XXY

XXY

(director/writer: Lucia Puenzo; screenwriter: based on the short story Cinismo by Sergio Bizzio; cinematographer: Natasha Braier; editors: Alex Zito/Hugo Primero; music: Andrés Goldstein/ Daniel Tarrab; cast: Ricardo Darín (Kraken), Valeria Bertuccelli (Suli), Germán Palacios (Ramiro), Carolina Peleritti (Erika), Martín Piroyansky (Alvaro), Inés Efron (Alex), Luciano Nóbile (Vando); Runtime: 91; MPAA Rating: NR; producers: Luis Puenzo/Jose María Morales; Film Movement; 2007-Argentina-in Spanish with English subtitles)

“The good news is that this is an intelligent drama that is in no way exploitative.”

Reviewed by Dennis Schwartz

The film directorial debut of Lucia Puenzo is confident, auspicious and sobering, yet not completely satisfying. It’s based on the short story Cinismo by Sergio Bizzio. The tale is about the sexual awakening of 15-year-old female Alex (Inés Efron), who has a rare medical condition called genital ambiguity– having the body of a person with both sexes (born with both a penis and a vagina). To maintain being a female, Alex is treated with Corticord–a hormonal medication. The angst-ridden hermaphrodite, Alex, is suddenly bursting with an overflow of sexual energy due to hormonal changes and for the past two weeks has stopped taking her meds. She lives with her birth secret in a remote southern Uruguayan fishing village, in a humble isolated beach house, as her protective family, her sensitive marine biologist author father Nestor Kraken (Ricardo Darín) and her concerned mother Suli (Valeria Bertuccelli), moved there from Buenos Aires to get away from people who talk. The parents chose not to have Alex “normalized” at birth, the usual way of dealing with this problem for inter-sexed children. During this trying child-rearing period, the biologist has been actively studying and protecting the wild turtles that swim off the rugged coastal beaches of Uruguay and get trapped in the nets of fishermen (speaking of heavy-handed symbolism).

Unannounced to her husband, Suli invites her old friends from Argentina, plastic surgeon Ramiro (Germán Palacios), his wife Erika (Carolina Pelereti) and their 16-year-old son Alvaro (Martin Piroyansky), to visit. Ramiro is a well-respected surgeon specializing in fixing deformities and birth defects, and Suli hopes to confer with him about Alex to see if maybe an operation is indeed the best solution.

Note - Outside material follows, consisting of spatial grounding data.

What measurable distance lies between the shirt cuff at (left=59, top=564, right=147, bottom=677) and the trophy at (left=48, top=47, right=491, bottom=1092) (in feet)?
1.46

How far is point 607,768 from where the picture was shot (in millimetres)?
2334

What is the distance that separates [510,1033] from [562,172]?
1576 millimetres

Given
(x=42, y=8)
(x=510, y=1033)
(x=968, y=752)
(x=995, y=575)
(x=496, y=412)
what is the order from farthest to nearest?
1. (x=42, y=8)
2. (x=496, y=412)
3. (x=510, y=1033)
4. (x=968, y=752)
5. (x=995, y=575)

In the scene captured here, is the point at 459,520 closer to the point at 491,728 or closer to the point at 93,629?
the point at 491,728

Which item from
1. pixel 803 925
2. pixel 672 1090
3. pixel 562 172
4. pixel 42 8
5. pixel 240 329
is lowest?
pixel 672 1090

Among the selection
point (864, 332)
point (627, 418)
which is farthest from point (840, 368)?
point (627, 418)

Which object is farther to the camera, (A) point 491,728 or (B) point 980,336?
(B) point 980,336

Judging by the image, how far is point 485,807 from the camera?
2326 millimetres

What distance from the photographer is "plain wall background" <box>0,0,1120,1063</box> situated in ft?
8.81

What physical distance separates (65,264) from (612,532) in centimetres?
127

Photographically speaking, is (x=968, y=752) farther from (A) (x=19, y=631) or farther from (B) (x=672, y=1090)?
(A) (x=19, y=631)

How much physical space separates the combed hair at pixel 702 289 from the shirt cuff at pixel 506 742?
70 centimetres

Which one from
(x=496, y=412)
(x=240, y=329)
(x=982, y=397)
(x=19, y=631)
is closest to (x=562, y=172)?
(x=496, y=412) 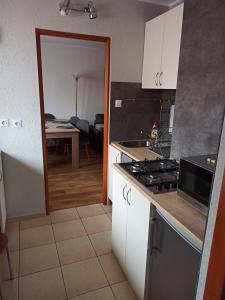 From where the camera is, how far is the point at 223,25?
150 centimetres

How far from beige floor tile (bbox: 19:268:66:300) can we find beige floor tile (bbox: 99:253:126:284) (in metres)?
0.39

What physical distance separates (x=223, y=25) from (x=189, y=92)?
51cm

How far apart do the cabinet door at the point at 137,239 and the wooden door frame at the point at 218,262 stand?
0.79m

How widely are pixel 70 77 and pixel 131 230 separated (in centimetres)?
506

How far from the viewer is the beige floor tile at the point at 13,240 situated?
2.23 metres

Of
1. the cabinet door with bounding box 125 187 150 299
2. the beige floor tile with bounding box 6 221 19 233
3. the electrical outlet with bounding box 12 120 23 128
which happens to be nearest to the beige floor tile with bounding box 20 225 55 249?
the beige floor tile with bounding box 6 221 19 233

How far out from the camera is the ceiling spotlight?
7.30 ft

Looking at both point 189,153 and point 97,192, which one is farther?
point 97,192

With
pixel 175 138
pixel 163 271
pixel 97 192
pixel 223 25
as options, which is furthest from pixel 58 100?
pixel 163 271

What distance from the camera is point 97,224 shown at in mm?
2650

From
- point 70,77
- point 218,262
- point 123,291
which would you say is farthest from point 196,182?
point 70,77

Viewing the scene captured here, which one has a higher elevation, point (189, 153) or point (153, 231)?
point (189, 153)

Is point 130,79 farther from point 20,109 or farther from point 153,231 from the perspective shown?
point 153,231

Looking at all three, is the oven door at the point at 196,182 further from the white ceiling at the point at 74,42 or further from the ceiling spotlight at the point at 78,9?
the white ceiling at the point at 74,42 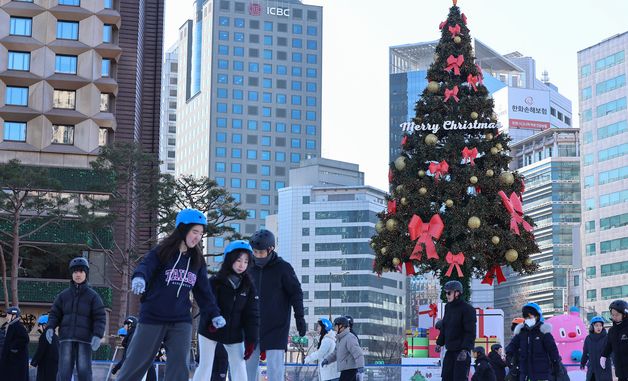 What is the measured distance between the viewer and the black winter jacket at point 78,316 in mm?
13250

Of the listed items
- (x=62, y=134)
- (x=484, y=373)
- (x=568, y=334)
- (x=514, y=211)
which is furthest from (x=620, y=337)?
(x=62, y=134)

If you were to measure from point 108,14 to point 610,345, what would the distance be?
4956 cm

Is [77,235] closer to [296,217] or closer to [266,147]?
[296,217]

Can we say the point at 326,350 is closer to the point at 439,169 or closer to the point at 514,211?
the point at 514,211

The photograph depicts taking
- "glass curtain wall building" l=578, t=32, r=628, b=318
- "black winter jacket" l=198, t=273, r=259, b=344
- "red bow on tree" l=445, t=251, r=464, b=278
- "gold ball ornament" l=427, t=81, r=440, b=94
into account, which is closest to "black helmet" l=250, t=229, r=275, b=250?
"black winter jacket" l=198, t=273, r=259, b=344

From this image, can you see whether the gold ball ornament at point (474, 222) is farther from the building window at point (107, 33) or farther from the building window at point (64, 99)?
the building window at point (107, 33)

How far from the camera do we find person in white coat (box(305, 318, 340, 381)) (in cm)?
1745

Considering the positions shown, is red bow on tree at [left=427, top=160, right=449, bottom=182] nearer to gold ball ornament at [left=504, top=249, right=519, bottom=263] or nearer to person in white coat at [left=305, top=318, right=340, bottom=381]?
gold ball ornament at [left=504, top=249, right=519, bottom=263]

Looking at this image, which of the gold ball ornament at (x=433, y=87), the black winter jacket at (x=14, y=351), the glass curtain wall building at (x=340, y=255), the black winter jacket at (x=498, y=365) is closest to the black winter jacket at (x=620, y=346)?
the black winter jacket at (x=498, y=365)

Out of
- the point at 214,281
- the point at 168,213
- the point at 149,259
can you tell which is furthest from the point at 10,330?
the point at 168,213

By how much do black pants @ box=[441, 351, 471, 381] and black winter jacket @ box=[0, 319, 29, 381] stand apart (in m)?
6.67

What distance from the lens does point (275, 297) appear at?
41.3 feet

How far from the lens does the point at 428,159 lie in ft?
93.7

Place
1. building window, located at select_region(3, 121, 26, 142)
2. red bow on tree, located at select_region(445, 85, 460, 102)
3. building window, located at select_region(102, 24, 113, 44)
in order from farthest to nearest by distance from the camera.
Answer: building window, located at select_region(102, 24, 113, 44)
building window, located at select_region(3, 121, 26, 142)
red bow on tree, located at select_region(445, 85, 460, 102) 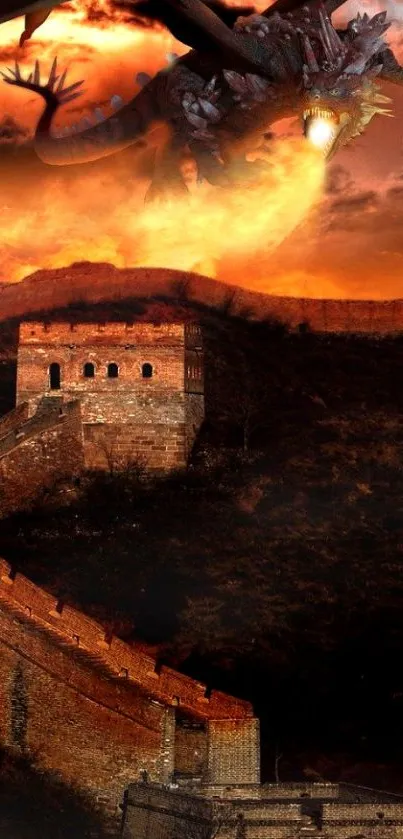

The concerned parents learn that Alex’s carefully kept secret has been leaked in the fishing village through her friend Vando, and as expected some of the ignorant local teen boys act as yahoos. Also, the anxious virgin Alex, in heat, seduces Alvaro into having rear-end sex (which makes clear the shy boy’s already apparent gay tendencies). His parents are upset at this blossoming relationship and leave the area at the first opportunity, while Alex’s protective parents hunker down and become more protective as they let her decide her own fate.

The good news is that this is an intelligent drama that is in no way exploitative, and there’s a terrific volatile performance by newcomer Efron–expressing her teen concerns about her identity crisis into universal terms. Otherwise the relationship between Alex and Alvaro is not fully developed for us to feel as much of their pain when they part as was intended and for all the tormenting about such strange sexual matters it’s still best seen as a family drama with its controversial subject matter infusing it with more urgency than the usual teen growing up problem.

The brooding and humorless tale, though not a clinical study, has the feel of one, yet still leaves a provocative bedeviling dramatic ambiguity that lingers after the story is wrapped up.

XXY comes with a string of assorted awards from such noted festivals as Cannes, Edinburgh and Toronto.